Andros, Euria'nın yanına geldiği anda insanın ruhunu görebiliyormuş gibi baktığı, adeta gecenin bir parçasını taşıdığını düşündüğüm lacivert gözlerini Nori'ye çevirdi. Gözleriyle uyumlu koyu lacivert rengindeki saçları, hem vahşi bir görünüm yaratıyordu hem de doğal dalgaları halktan biri olmanın getirdiği dizginlenemez ruhunu, sıradan soyunu gösteriyordu. Güçlü, açılı bir çene hattı vardı. Yüksek elmacık kemikleri, kısa sürede hızla kilo vermiş gibi, yontulmuş bir görüntüye sahipti. Cildinde de birkaç gümüş tozuna benzer lekeler ona neredeyse diyar dışından gelmiş gibi bir görünüm katıyordu.

Derin mavi peleriniyle, karmaşık olmayan düz desenlerle Euria için çalıştığı belli oluyordu.
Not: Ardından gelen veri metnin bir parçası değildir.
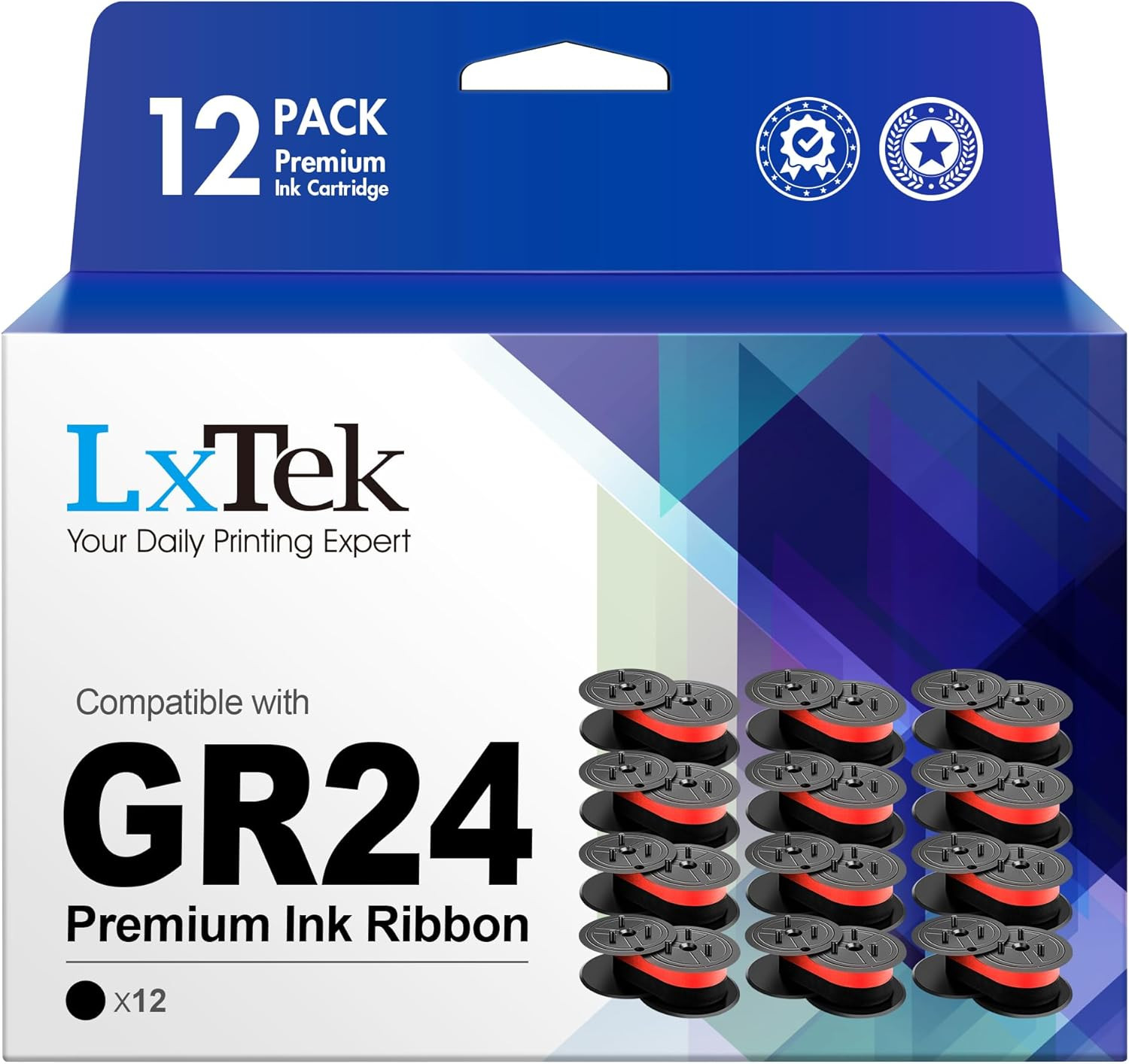 12 Pack Replacement for GR24 Universal Twin Spool Calculator Ribbon |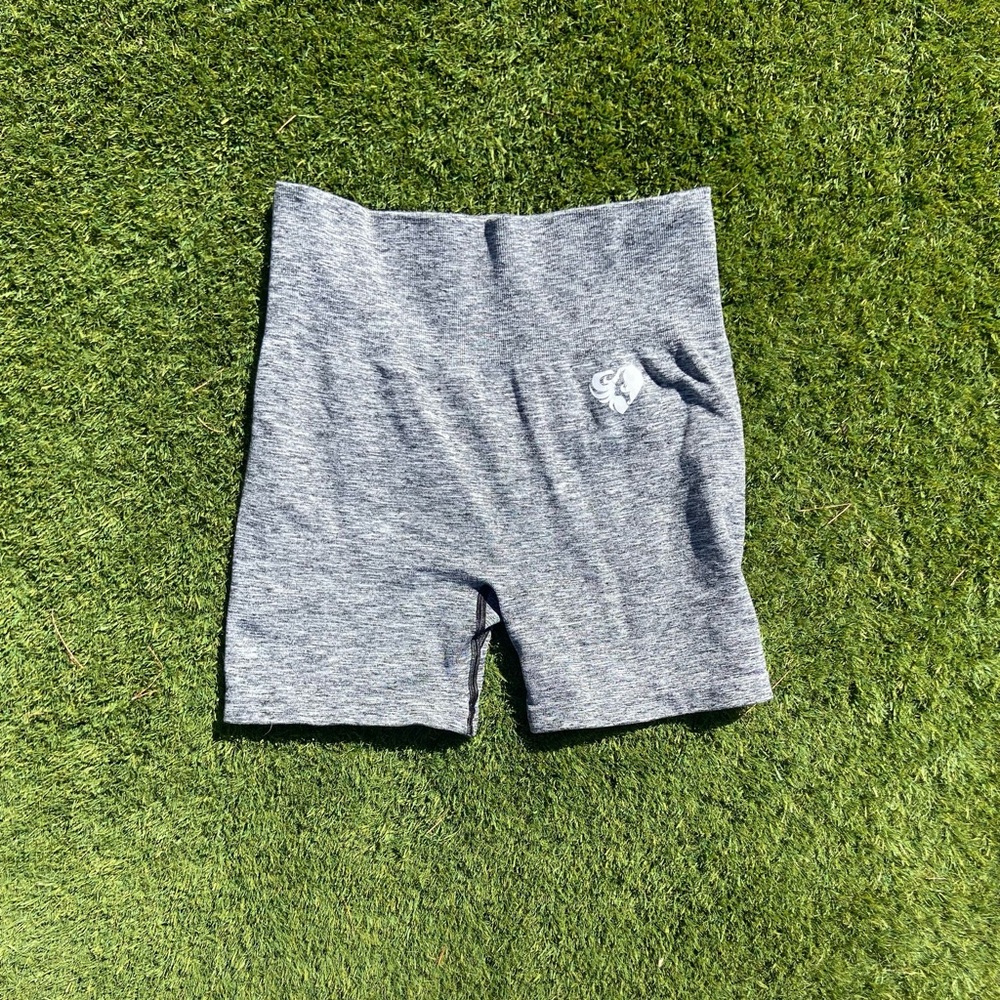 Gray/white sport shorts by women’s best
Yüz ifadesi, omuzlarında çok ağır bir yük taşıyormuş gibi yoğun bir karamsarlık içinde görünüyordu ama bu ifadesi Nori'yi gördüğünde az da olsa yumuşamıştı.

Nori'nin ne tepki verdiğini göremiyordum. Ne hissettiği hakkında en ufak bir fikrim bile yoktu ancak aklından her ne geçiyorsa, hareket etmemesini diliyordum. Hem kendi hem abisinin iyiliği için, hem de görevin başarısı için bana güvenmesi şarttı. Bir anlık gafletle kendi rolünden vazgeçerse tüm plan sarsılabilirdi. Bu nedenle süreci hızlandırmayı amaçlayarak tekrardan Euria'ya döndüm ve Andros hiç orada değilmiş gibi davrandım. ''Bir takas için buradayız,'' dedim kesin bir dille.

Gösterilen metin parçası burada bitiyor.